Answer ... The Constitution of Kenya 2010 underpins employment law in Kenya and provides the Employment and Labour Relations Court with the basis for interpreting employer-employee rights and fair labour practices.
The Employment Act 2007 (11/2007) is the primary law on employment in Kenya, containing substantive and procedural law on:
- the employment relationship;
- the respective rights and duties of employer and employee;
- termination and dismissal of employees; and
- the disputes and settlement procedure.
The Labour Relations Act 2007 (14/2007) provides for the registration, regulation and management of trade unions, organisations and federations.
The Labour Institutions Act 2007 (12/2007) establishes various labour institutions, such as the National Labour Board, the Committee of Inquiry and the Wages Council.
The Occupational Safety and Health Act 2007 (15/2007) provides for the safety and welfare of employees and all persons lawfully present at workplaces.
Fintech companies must adhere to these laws, as breach of their provisions constitutes an offence punishable by fines or imprisonment. Where the termination of an employee through dismissal or redundancy is found not to comply with the law, the Employment and Labour Relations Court can award damages, among other things.

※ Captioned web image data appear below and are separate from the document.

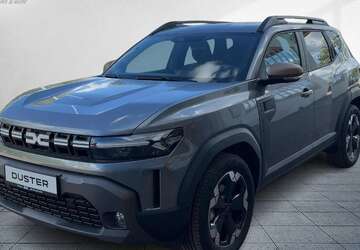 Dacia Duster 2.500 km 29.980 &euro; Bergedorf 21035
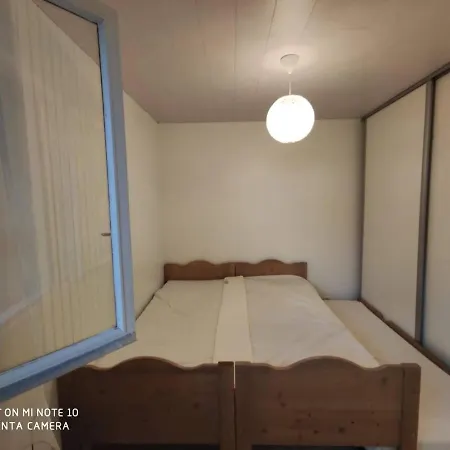 Appartement Villers Sur Mer Esterno foto
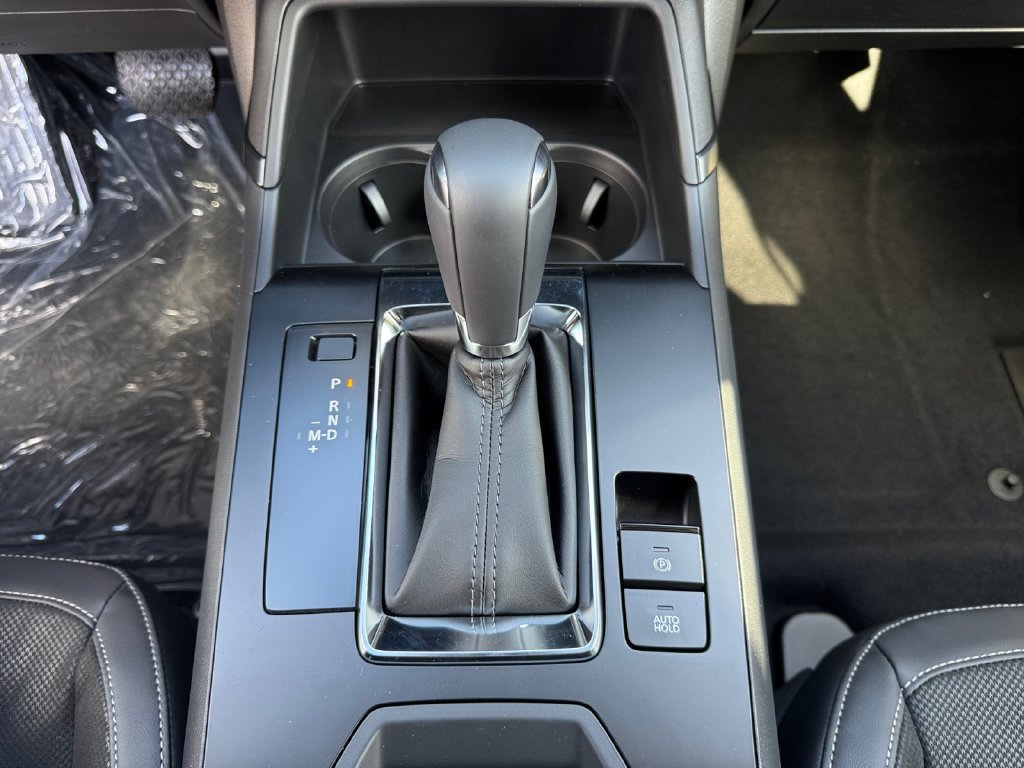 New 2026 MAZDA CX-5 Select AWD/4WD image 18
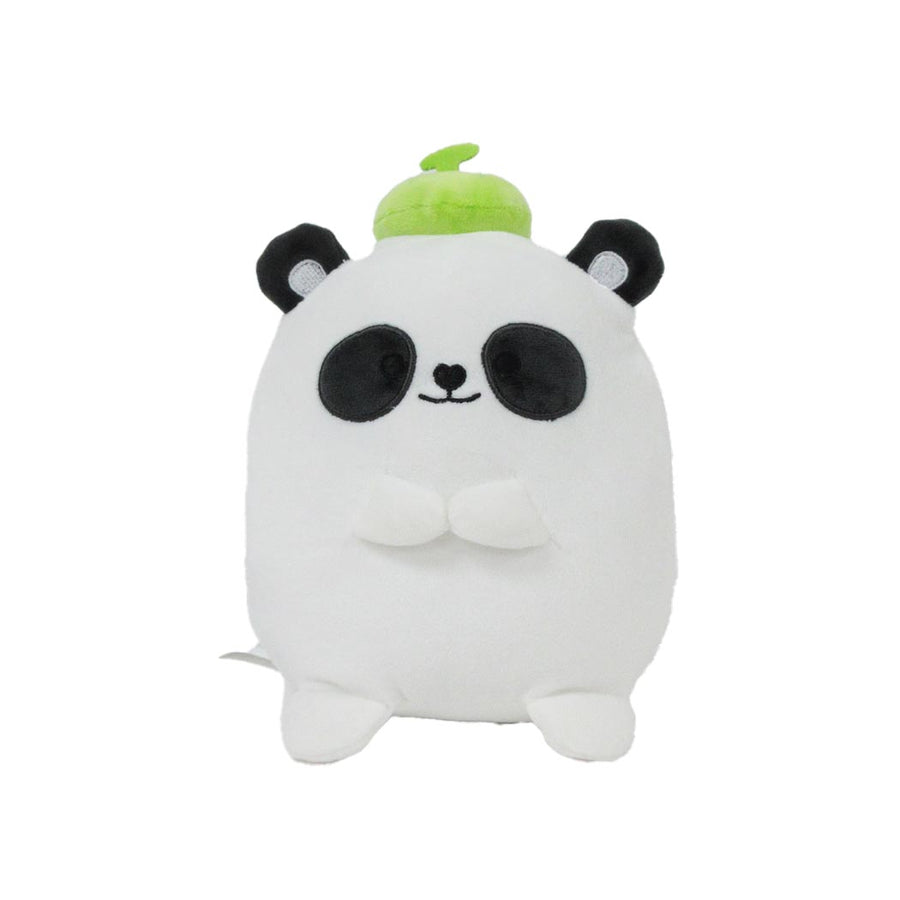 Yummy Yummy Series 7in. Plush Toy(Panda)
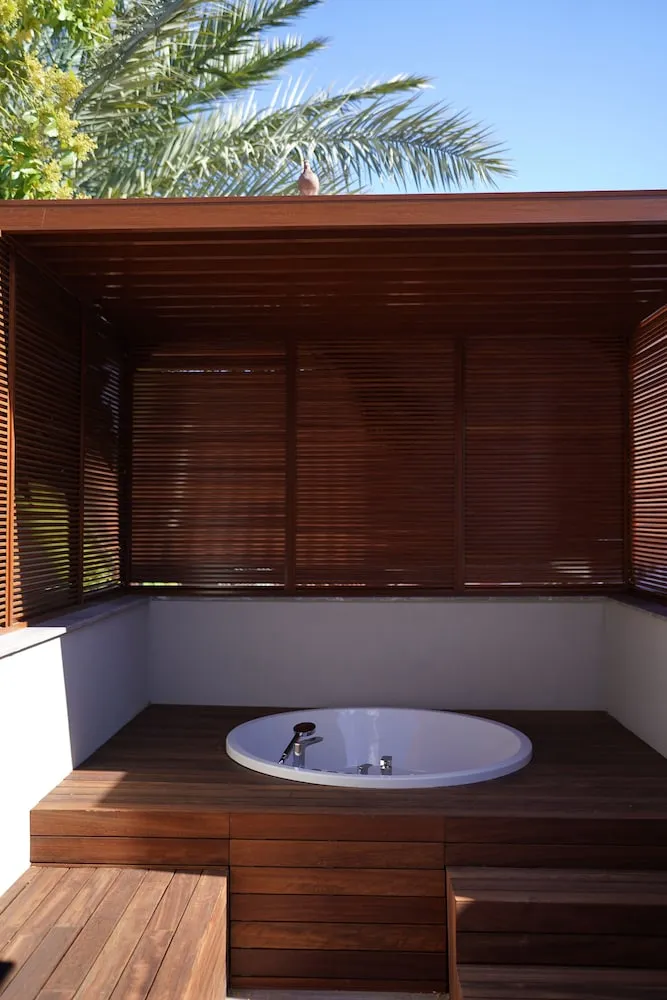 Luxury Süit, 2 Yatak Odası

Answer ... The Kenya Citizenship and Immigration Act 2011 provides for the issuance of work visas and work permits to foreigners who wish to work in Kenya. In procuring work permits for its non-Kenyan employees, a fintech company must demonstrate that a Kenyan understudy is being trained to take on the job. Fintechs setting up through the Kenya Investment Authority may be assisted in processing work permits.